-- Data for analysis follows --
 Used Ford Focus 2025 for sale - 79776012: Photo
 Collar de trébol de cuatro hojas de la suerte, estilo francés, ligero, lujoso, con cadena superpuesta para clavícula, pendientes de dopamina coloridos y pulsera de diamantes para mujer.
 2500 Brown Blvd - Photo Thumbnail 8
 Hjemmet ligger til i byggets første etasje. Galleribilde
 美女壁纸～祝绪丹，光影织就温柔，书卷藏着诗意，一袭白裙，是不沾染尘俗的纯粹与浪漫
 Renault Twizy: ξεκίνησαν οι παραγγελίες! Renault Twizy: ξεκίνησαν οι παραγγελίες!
-- Data for analysis concluded --
-- Data for analysis follows --
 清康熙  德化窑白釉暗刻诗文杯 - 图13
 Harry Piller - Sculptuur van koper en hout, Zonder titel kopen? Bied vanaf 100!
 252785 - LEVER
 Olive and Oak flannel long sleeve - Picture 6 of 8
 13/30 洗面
-- Data for analysis concluded --
**Task details**
All that is wanted is the stretch of lines above from the one containing "2500 Brown Blvd - Photo Thumbnail 8" through the one containing "Renault Twizy: ξεκίνησαν οι παραγγελίες! Renault", duplicated exactly.

**Response to the task**
 2500 Brown Blvd - Photo Thumbnail 8
 Hjemmet ligger til i byggets første etasje. Galleribilde
 美女壁纸～祝绪丹，光影织就温柔，书卷藏着诗意，一袭白裙，是不沾染尘俗的纯粹与浪漫
 Renault Twizy: ξεκίνησαν οι παραγγελίες! Renault Twizy: ξεκίνησαν οι παραγγελίες!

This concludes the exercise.